Grain prices spiked last week as more than 150 grain-laden vessels lay idle outside Argentina's ports and along the Uruguayan coast but neither side appeared nearer a compromise.
Dockworkers' representatives warned Fernandez they would launch a general strike unless the government met their demands for improved wages and easier taxation rules.
The work stoppages sent shock waves through the soy meal trade, which is central to international supplies of animal feed, soy oil production and a growing biofuels energy sector.
Worried traders also predicted worsening prospects for soybeans and corn trade because of the Latin American country's leading position in those two grain markets. Argentina is the world's third largest supplier of soybeans and the No. 2 corn exporter after the United States.
Port authorities received a tongue-lashing from the dockworkers' representatives after they announced -- prematurely -- a work stoppage had ended and the dockworkers had gone back to work.
Dockworkers' union leader Omar Suarez denied members had returned to work and vowed to prevent ships from entering or leaving the harbor at Rosario, the country's main grain hub.
The union says dockworkers' work shifts are understaffed, forcing those called on duty to perform extra tasks and sometimes work longer hours.
The dockworkers' discontent has combined with farmers' protests and teachers' strikes to inject new uncertainties in Argentine economy and society.
So far the labor leaders have said a general strike would be a last resort but warned that government inaction may push them toward calling for countrywide industrial action.
"I hope we don't come to call for a general strike," CGT labor union leader Hugo Moyano told reporters. "I hope we're not pushed to call for a general strike."
At the heart of the dispute is the government's interpretation of the cost of living, the rate of inflation and consumer price index in Argentina.
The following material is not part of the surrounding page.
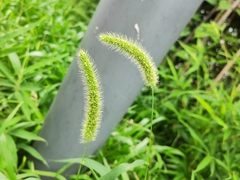 Setaria parviflora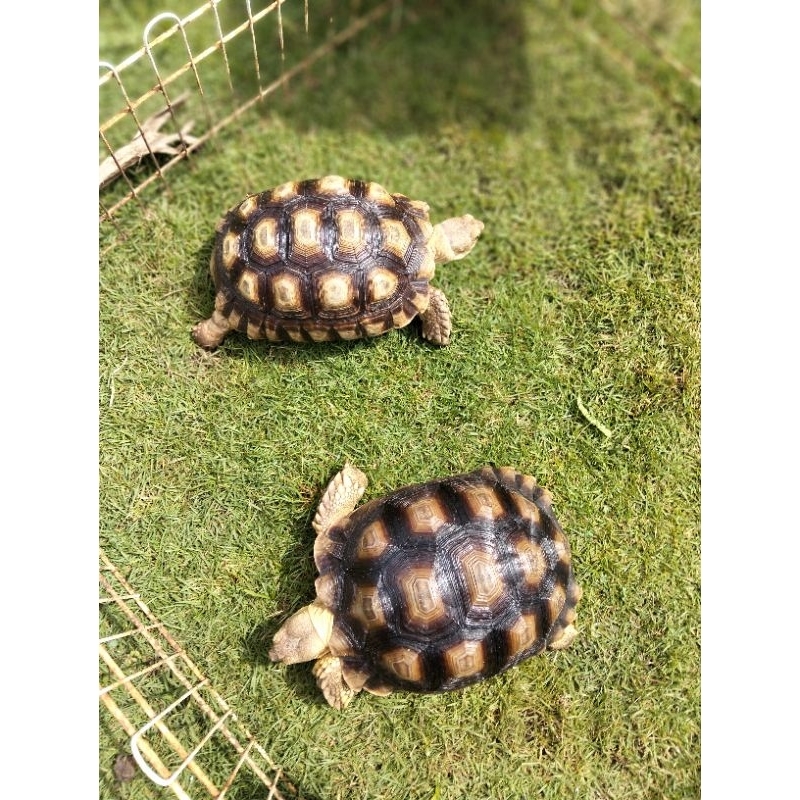 KurakuraSulcata1pasang 23&20cm.Betina. super smooth sehat makan lancar berkualitas terbaik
Government statistics of inflation and the consumer price index are generally believed to be about a third of the actual trends -- currently said to exceed 25 percent.
The government has also attracted the teachers' ire after Fernandez claimed the teachers worked too few hours -- four hours a day, one of her comments alleged -- and claimed long vacations.
The labor unions' representations have backed the teachers' demands and urged the government to be "reasonable" in its approach to various sections of Argentina's work force.
Nowhere is the threat to the economy more pronounced than in the ports, where traders fret over millions of dollars of grain trade at risk from the prolonged dispute.